A YEAR ago, we reported that York Hospital had been forced to spend a whopping £13.5 million on expensive temporary nurses and doctors because it couldn’t recruit enough permanent staff.

This was double the outlay on agency staff the previous year - and would have paid for 226 experienced nurses on full-time salaries. The hospital, we revealed,was prepared to pay ridiculous rates for agency staff in some circumstances - up to £150 an hour for a nurse.

York Hospital wasn’t alone in facing this problem a year ago.
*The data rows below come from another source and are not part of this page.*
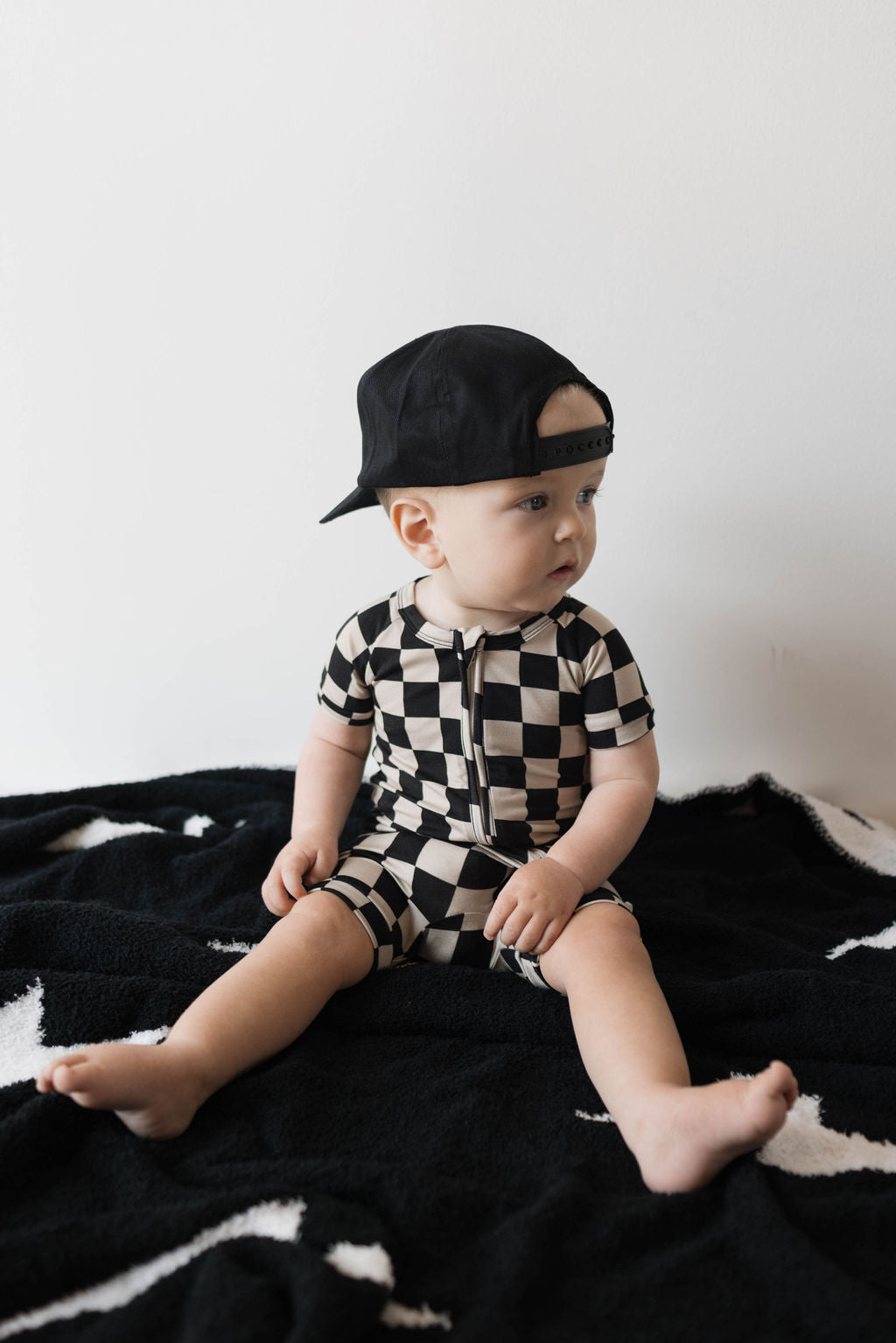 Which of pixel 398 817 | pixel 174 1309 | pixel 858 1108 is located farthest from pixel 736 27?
pixel 174 1309

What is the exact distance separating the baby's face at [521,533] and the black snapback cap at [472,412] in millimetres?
20

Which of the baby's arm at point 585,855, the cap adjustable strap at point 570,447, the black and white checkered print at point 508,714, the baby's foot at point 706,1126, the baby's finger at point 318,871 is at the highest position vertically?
the cap adjustable strap at point 570,447

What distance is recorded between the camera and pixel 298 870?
3.27 ft

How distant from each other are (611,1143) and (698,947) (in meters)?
0.30

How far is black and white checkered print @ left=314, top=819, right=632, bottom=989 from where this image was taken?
38.4 inches

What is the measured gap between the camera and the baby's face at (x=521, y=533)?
885 millimetres

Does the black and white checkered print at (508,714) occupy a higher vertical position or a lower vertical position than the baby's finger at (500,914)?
higher

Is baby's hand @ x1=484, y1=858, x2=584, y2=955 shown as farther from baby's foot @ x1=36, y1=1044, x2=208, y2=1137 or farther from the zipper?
baby's foot @ x1=36, y1=1044, x2=208, y2=1137

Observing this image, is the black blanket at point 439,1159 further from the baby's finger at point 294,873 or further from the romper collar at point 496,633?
the romper collar at point 496,633

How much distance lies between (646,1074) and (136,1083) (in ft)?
1.19

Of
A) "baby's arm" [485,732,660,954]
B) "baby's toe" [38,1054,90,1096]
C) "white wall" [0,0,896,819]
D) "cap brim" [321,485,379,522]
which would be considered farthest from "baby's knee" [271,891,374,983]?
"white wall" [0,0,896,819]

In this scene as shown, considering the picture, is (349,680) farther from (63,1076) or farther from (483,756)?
(63,1076)

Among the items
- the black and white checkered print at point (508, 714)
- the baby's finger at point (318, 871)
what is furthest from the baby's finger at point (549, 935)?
the baby's finger at point (318, 871)

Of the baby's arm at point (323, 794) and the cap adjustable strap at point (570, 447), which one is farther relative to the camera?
the baby's arm at point (323, 794)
The Royal College of Nursing claimed that years of pay restraint, changes to terms and conditions and cuts in training places were making it increasingly difficult to recruit - and that hospitals therefore had little choice but to pay through the nose for temporary agency staff.

The NHS’s money was being wasted on “extortionate agency fees”, York Outer MP Julian Study said. We said the situation couldn’t continue, because it was crippling the NHS financially.

Well, it hasn’t continued - it has got a whole lot worse.

In the most recent year, York Hospital spent a staggering £27.4 million on temporary doctors and nurses - double again what it paid last year.

The NHS is being brought to its knees by these extortionate charges. And you can bet it won’t be the nurses and doctors themselves who will really be benefiting. No doubt the agencies themselves are taking a huge cut.

With recruitment still obviously a huge problem - and likely to get worse in future once we leave Europe - perhaps it is time the Government took steps to introduce a tariff of maximum charges that agencies can levy.

That may be the only way of limiting the profiteering that is eating the NHS alive.